→ EXERCISE DESCRIPTION
The answer must consist solely of the lines from the line with "أغطية فراش متميزة" to the end of the data below, transcribed exactly and with no pictures.

→ GIVEN INFORMATION
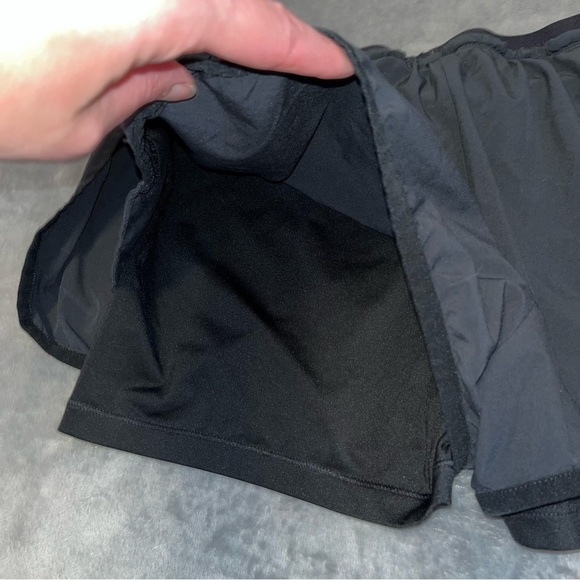 Nike Dri-Fit Athletic Shorts with Attached Biker Shorts Women’s Size Large - Picture 6 of 7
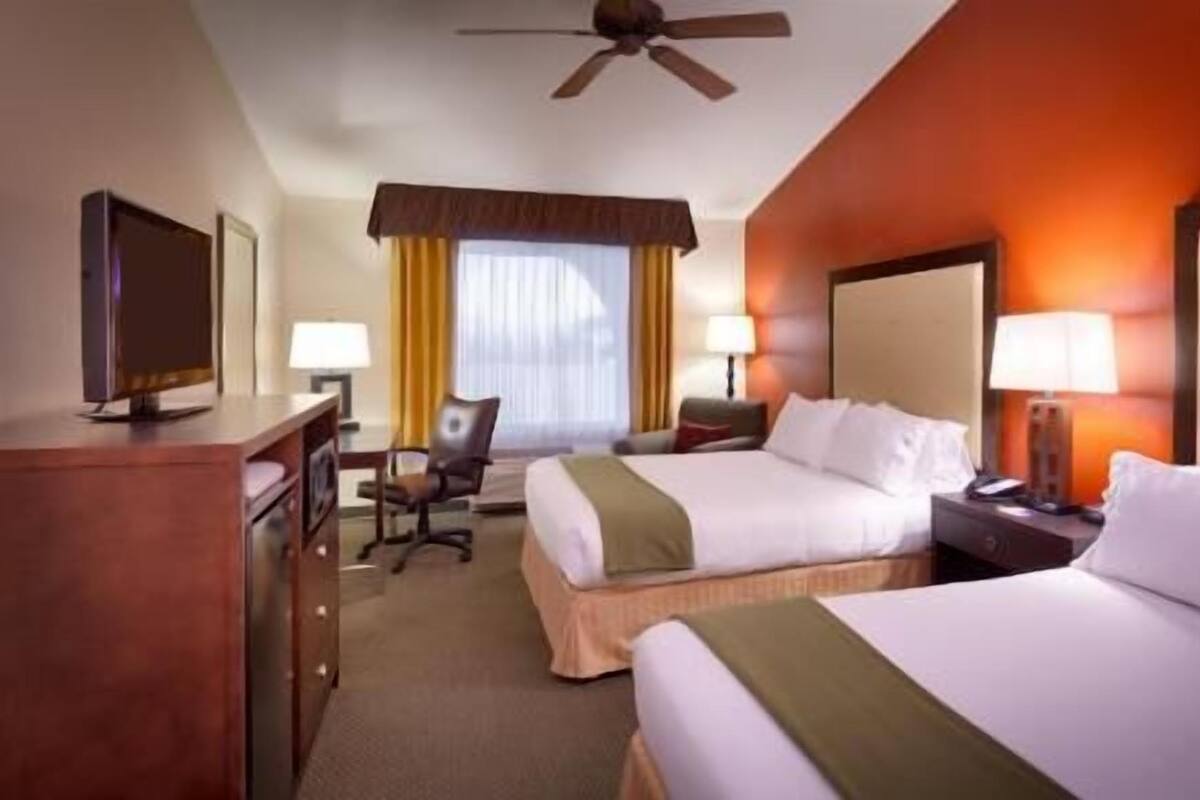 أغطية فراش متميزة وخزنة داخل الغرفة ومكتب ومساحة عمل للكمبيوتر المحمول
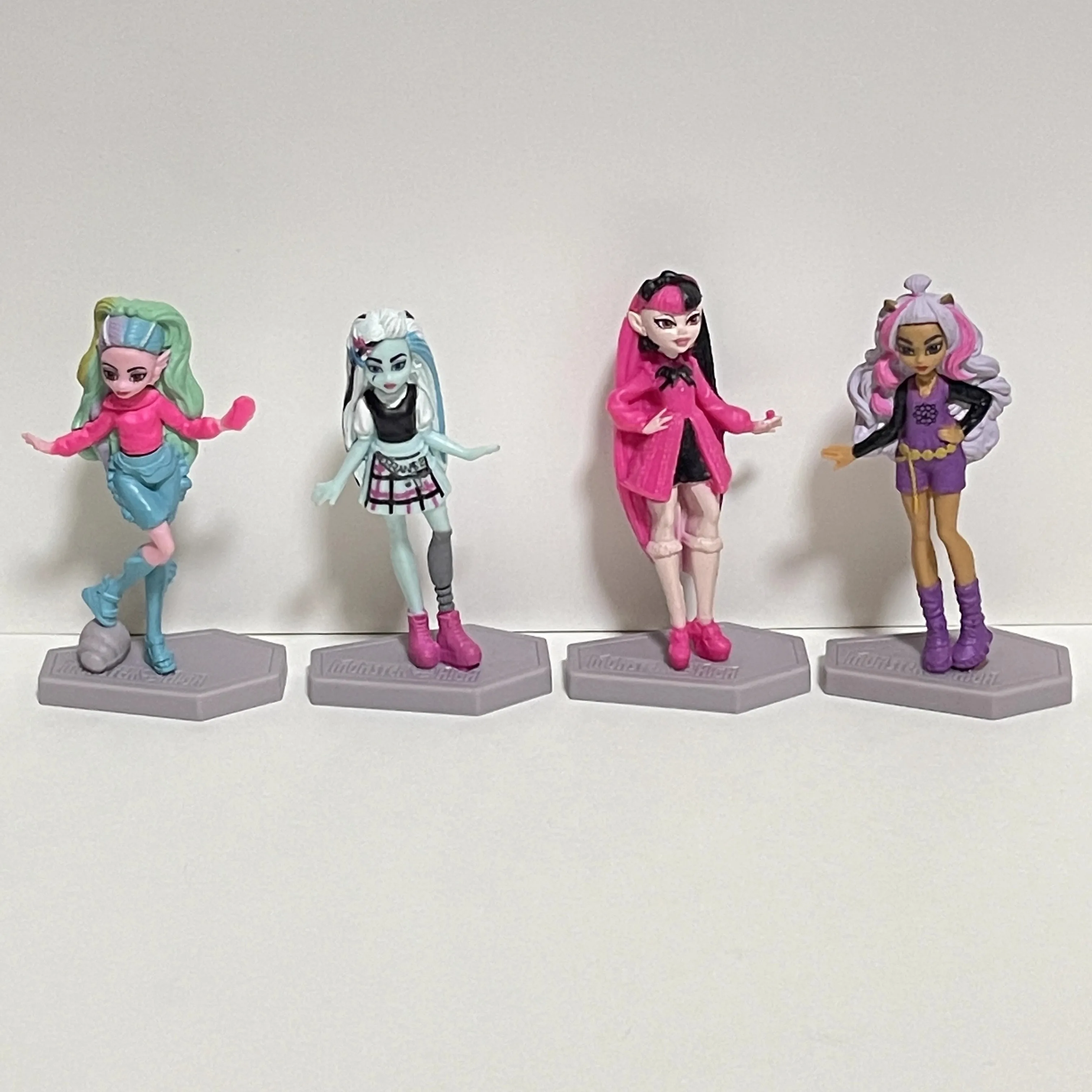 

Rare Collection Makeup monsters high school ever after high Children Christmas Gift Favor qiqukuwan shangjia zhipaiwu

→ ANSWER FOR THIS EXERCISE
 أغطية فراش متميزة وخزنة داخل الغرفة ومكتب ومساحة عمل للكمبيوتر المحمول

Rare Collection Makeup monsters high school ever after high Children Christmas Gift Favor qiqukuwan shangjia zhipaiwu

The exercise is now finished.